■ What this task involves:
Give the data again exactly, without images.

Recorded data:
# # # # #
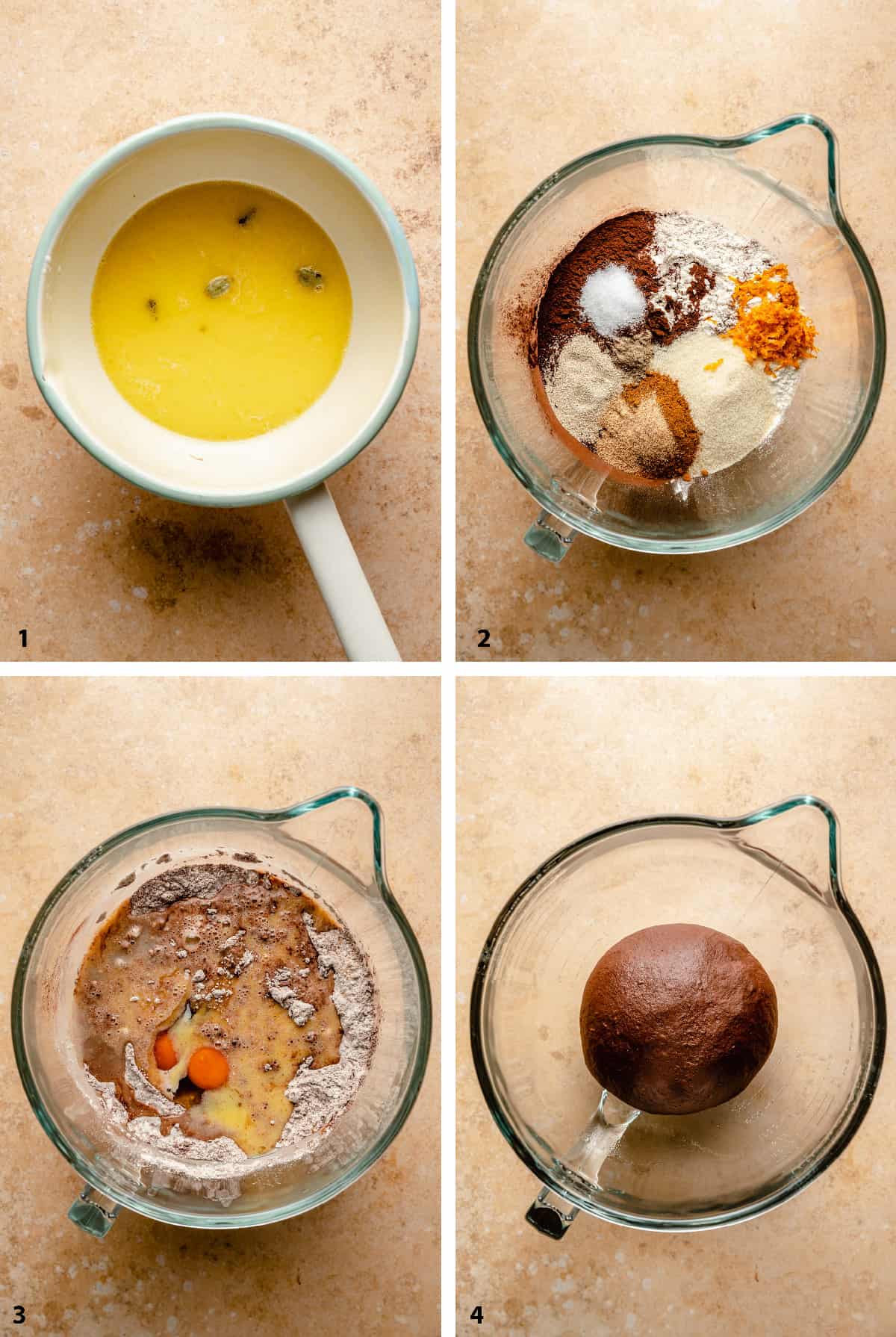Process of creating the chocolate dough in a mixing bowl.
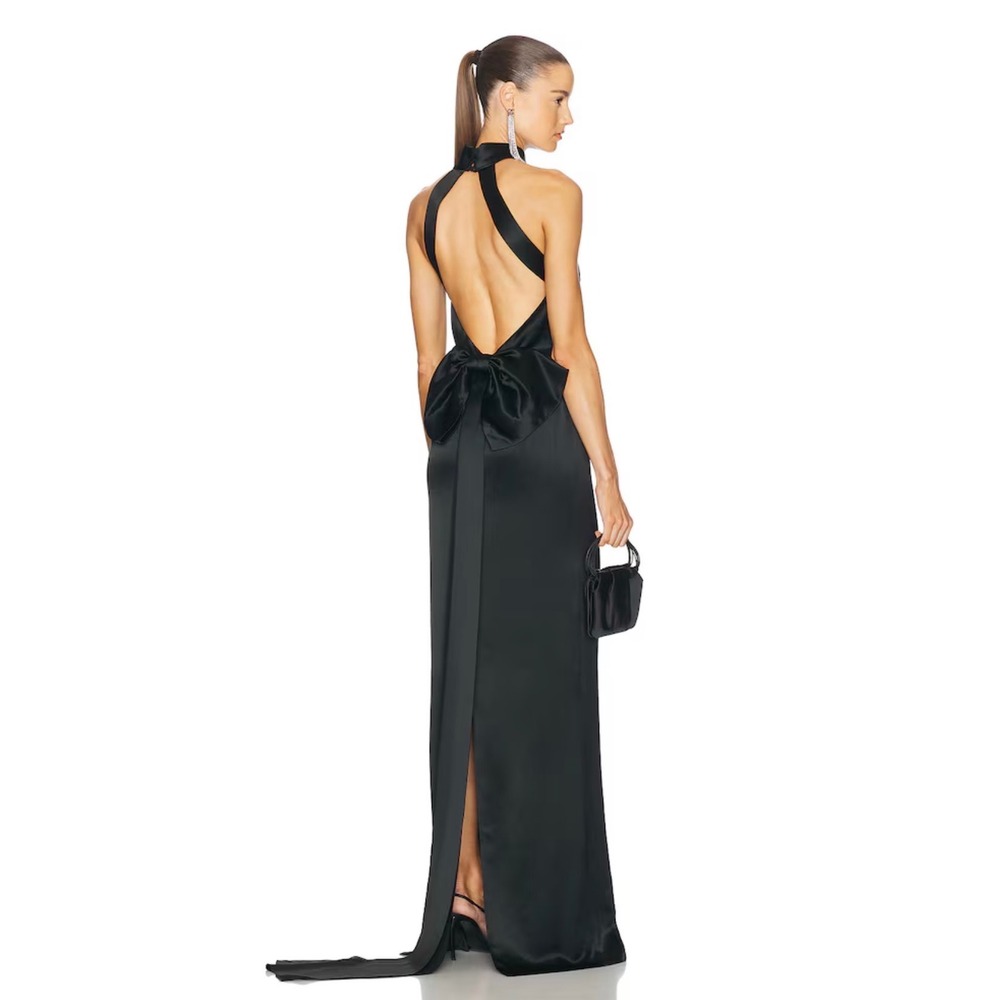 SANS FAFF Bristol Bow Evening Dress In Black Size Small $995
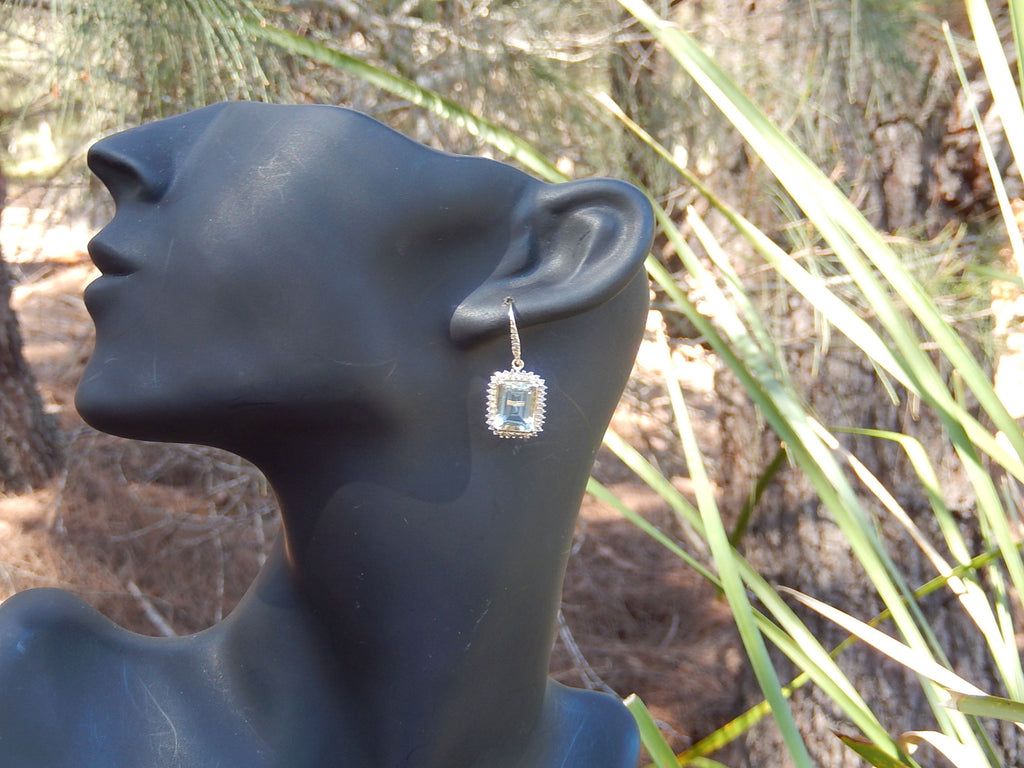 Aquamarine and Diamond Earrings in 14ct Gold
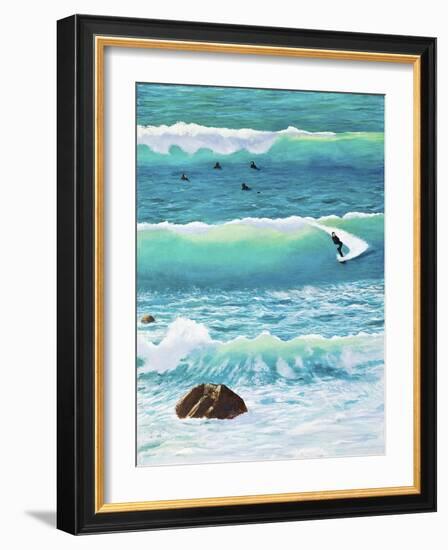 Surfing in Chesil House, 2014 (Oil on Canvas)-Liz Wright-Framed Giclee Print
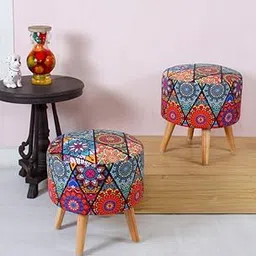 ShadowKart Pouffes Sitting Stool for Living Room, Mudda Puffy Wooden Ottoman Stools, Pouffe Footstool, Pouf for Office Home Decoration, Stool Combo, 16X16X18 Inch, (Jaipuri-Big Diamond), Multicolor-picture-32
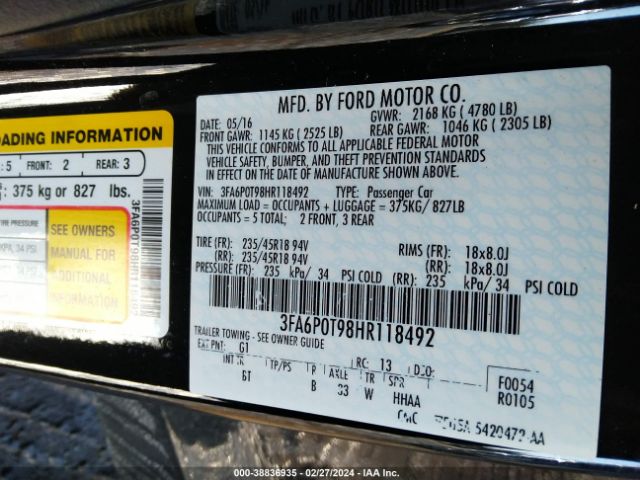 Photo 8 VIN: 3FA6P0T98HR118492 - FORD FUSION 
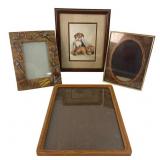 Four Assorted Picture Frames & Animal Print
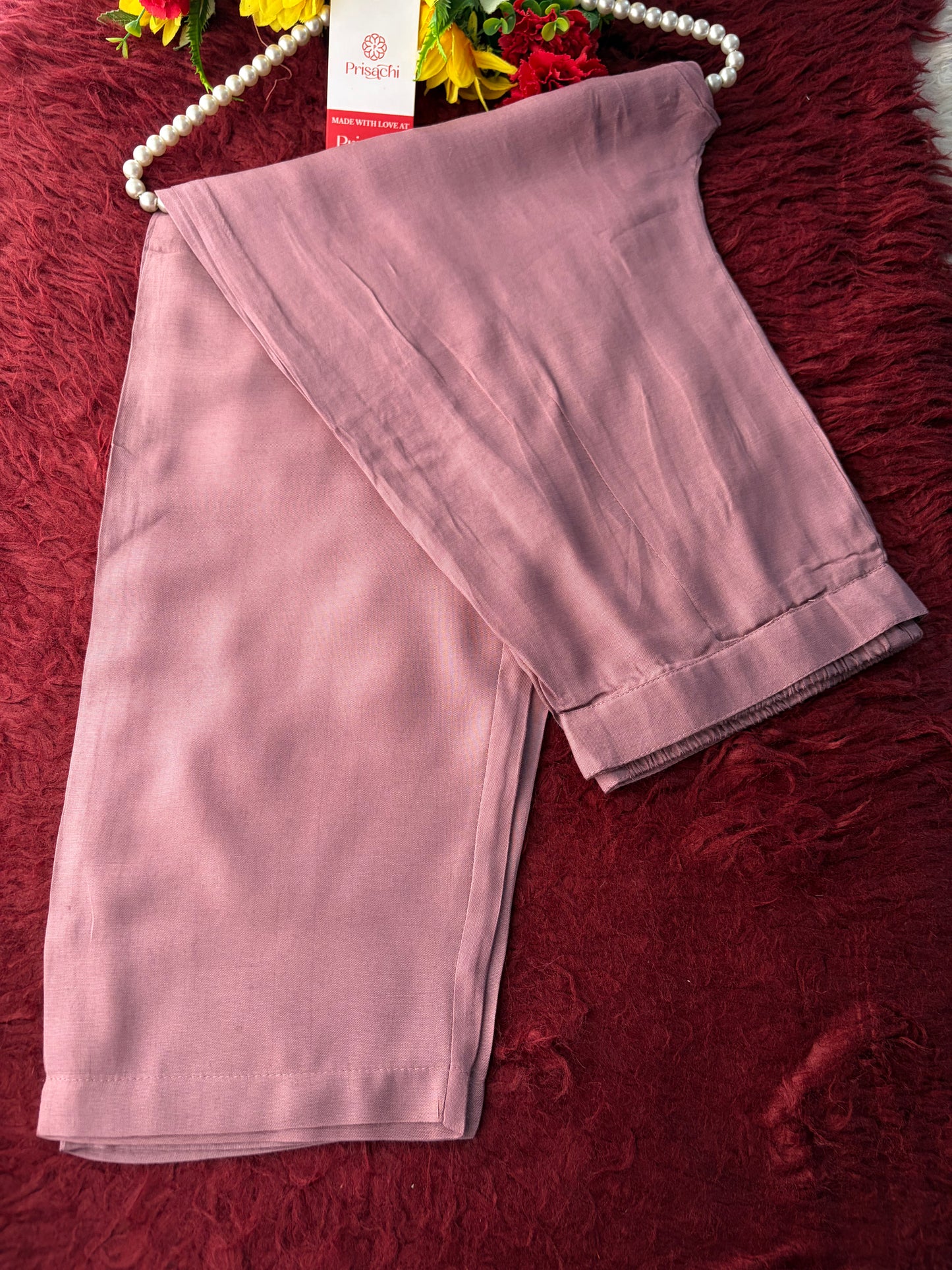 Mauve Embroidered A-Line Ethnic kurta set with dupatta and Pants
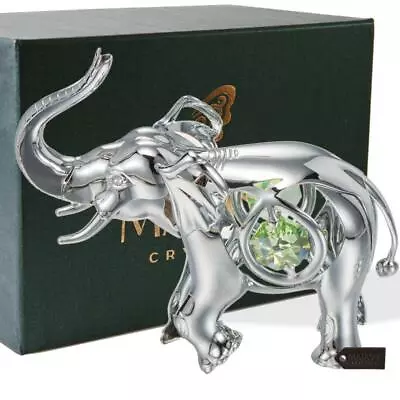 Chrome Plated Silver Elephant W/Open Mouth Ornament W/Mint Green-Clear-Cut Cryst • $22.99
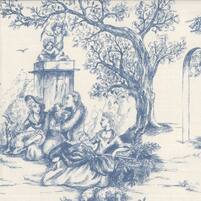 Detailansicht des TOILE-Stoffes SOLINE TOILE BLEU (bedruckter Baumwollstoff)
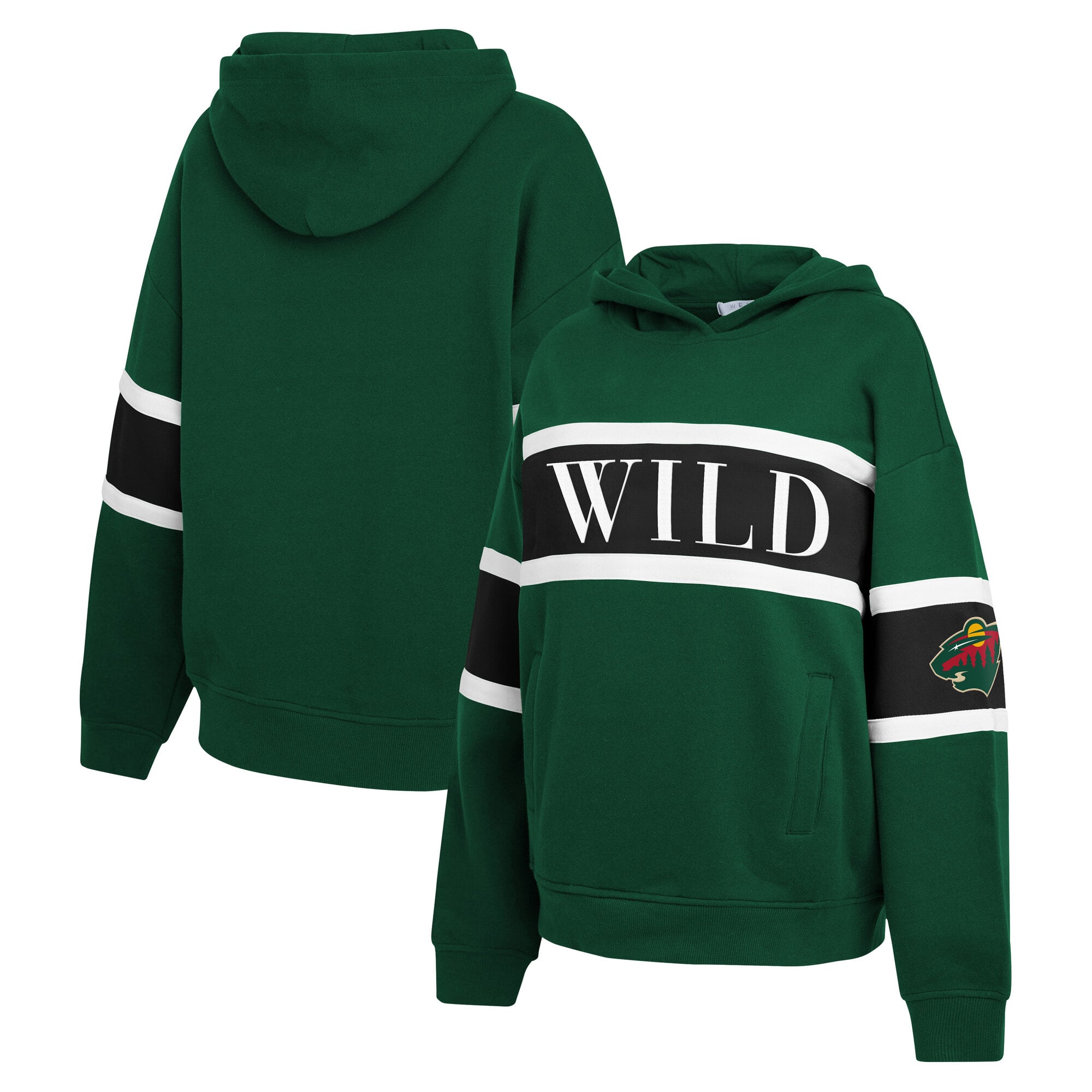 Sweat à capuche rayé vert Minnesota Wild pour femme de la marque WEAR by Erin Andrews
# # # # #
■ Reply to the task:
Process of creating the chocolate dough in a mixing bowl.
 SANS FAFF Bristol Bow Evening Dress In Black Size Small $995
 Aquamarine and Diamond Earrings in 14ct Gold
 Surfing in Chesil House, 2014 (Oil on Canvas)-Liz Wright-Framed Giclee Print
 ShadowKart Pouffes Sitting Stool for Living Room, Mudda Puffy Wooden Ottoman Stools, Pouffe Footstool, Pouf for Office Home Decoration, Stool Combo, 16X16X18 Inch, (Jaipuri-Big Diamond), Multicolor-picture-32
 Photo 8 VIN: 3FA6P0T98HR118492 - FORD FUSION 
 Four Assorted Picture Frames & Animal Print
 Mauve Embroidered A-Line Ethnic kurta set with dupatta and Pants
 Chrome Plated Silver Elephant W/Open Mouth Ornament W/Mint Green-Clear-Cut Cryst • $22.99
 Detailansicht des TOILE-Stoffes SOLINE TOILE BLEU (bedruckter Baumwollstoff)
 Sweat à capuche rayé vert Minnesota Wild pour femme de la marque WEAR by Erin Andrews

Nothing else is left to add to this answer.